Mes contrats prévoient une augmentation annuelle chaque année en janvier. D'habitude je transmets aux PE ma nouvelle grille horaire mais il faut en réalité une négociation de salaire avec chaque employeur. Donc je tenterai cette nouvelle approche en début d'année prochaine. Pas simple.


----------



## angèle1982 (17 Octobre 2022)

300 euros par mois comme les profs SOYONS FOUS FOLLES !!!


----------



## Catie6432 (17 Octobre 2022)

Complètement toc toc Angèle 😅 enfin peut toujours rêver ... C'est bon de rêver ! 😃


----------



## Chantou1 (17 Octobre 2022)

3,20€ net/heure.
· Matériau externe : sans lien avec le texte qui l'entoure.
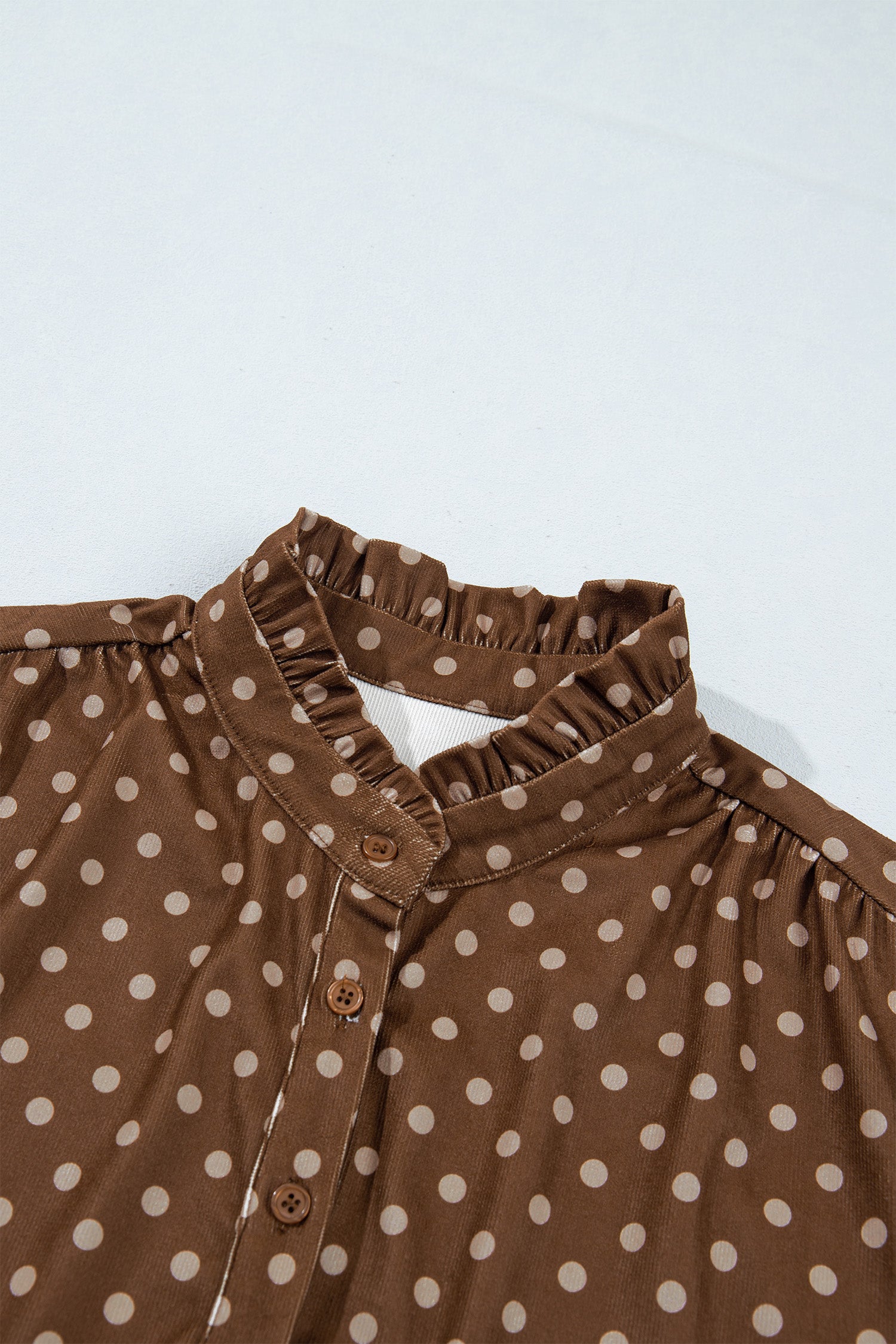 Brown Polka Dot V Neck Long Sleeve Button Shift Dress-TOPS / DRESSES-[Adult]-[Female]-2022 Online Blue Zone Planet
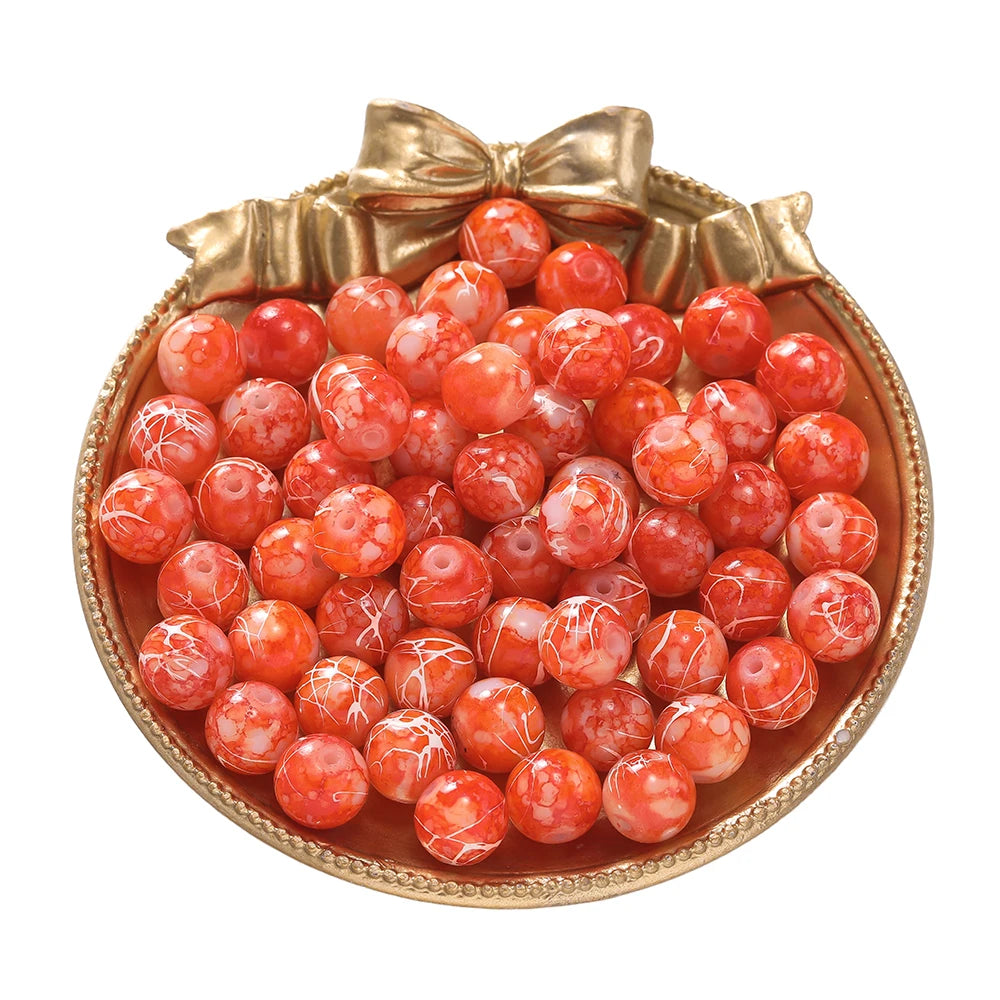 Glass Beads Crystal Crackle Round Imitation Jade-Style Stone Crafts Craft Beads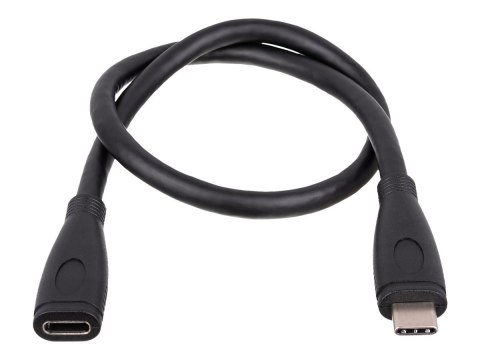 Akyga AK-USB-32 - Przedłużacz kabla USB - USB-C (M) do USB-C (F) - USB 3.2 Gen 2 - 20 V - 5 A - 30 cm - obsługa 4K - czarny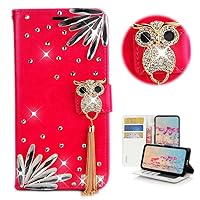 STENES Bling Wallet Phone Case Compatible with Moto G Stylus 5G 2022 Case - Stylish - 3D Handmade Night Owl Tassel Glitter Magnetic Wallet Magnetic Wallet Stand Leather Cover Case - Red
Vous êtes dans quelle région ? 76 ... Vers Le Havre ?


----------



## violetta (17 Octobre 2022)

O


----------



## Sandrine2572 (17 Octobre 2022)

Mes 4 contrats on subit une augmentation en septembre

J en ai d abord parler oralement avec les PE en leur expliquant l augmentation du coup de la vie , que depuis qu on travail ensemble il y avait jamais eu d augmentation de salaire ....

Ensuite je leur ai fait un avenant qu ils on tous accepter


----------



## Stina76 (18 Octobre 2022)

Je suis dans le 67 et oui je sais, je suis beaucoup trop basse par rapport à la moyenne de la région mais fut un temps j'étais trop gentille et fesai ce métier par passion et non par besoin 😪 cas derniers mois j'ai vraiment constaté un manque de respect que maintenant cette gentillesse est partie et je souhaite modifier tout cela salaire compris 


Chantou1 a dit: 


> 3,20€ net/heure. Vous êtes dans quelle région ? 76 ... Vers Le Havre ?


----------



## nounoucat1 (18 Octobre 2022)

Quand j'étais nounou je touchais 3,20 net de l'heure et je n'augmentais pas en cours de contrat si j'avais continue les nouveaux contrats auraient été a 3,50 .


----------



## B29 (18 Octobre 2022)

Je n'augmente jamais les contrats en cours.
Pour le dernier en date (septembre 2022) je prends 3,80 euros de l'heure.
Pour le prochain (janvier 2023), je prendrai 3,90 euros de l'heure. Les parents savent  que pendant toute la durée du contrat le salaire restera le même. Je n'ai jamais eu de problème de paiement à ce jour. Bon je touche du bois...😉


----------



## isa19 (18 Octobre 2022)

Bonjour,
 tentez une augmentation sachant que les PE peuvent refuser. Perso j'ai 1 augmentation à chaque date anniversaire du contrat (clause du contrat).


----------



## Griselda (18 Octobre 2022)

Le mieux est de prévoir une augmentation au contrat ainsi un PE qui te choisi le fait en connaissance de cause, c'est plus simple, plus transparent.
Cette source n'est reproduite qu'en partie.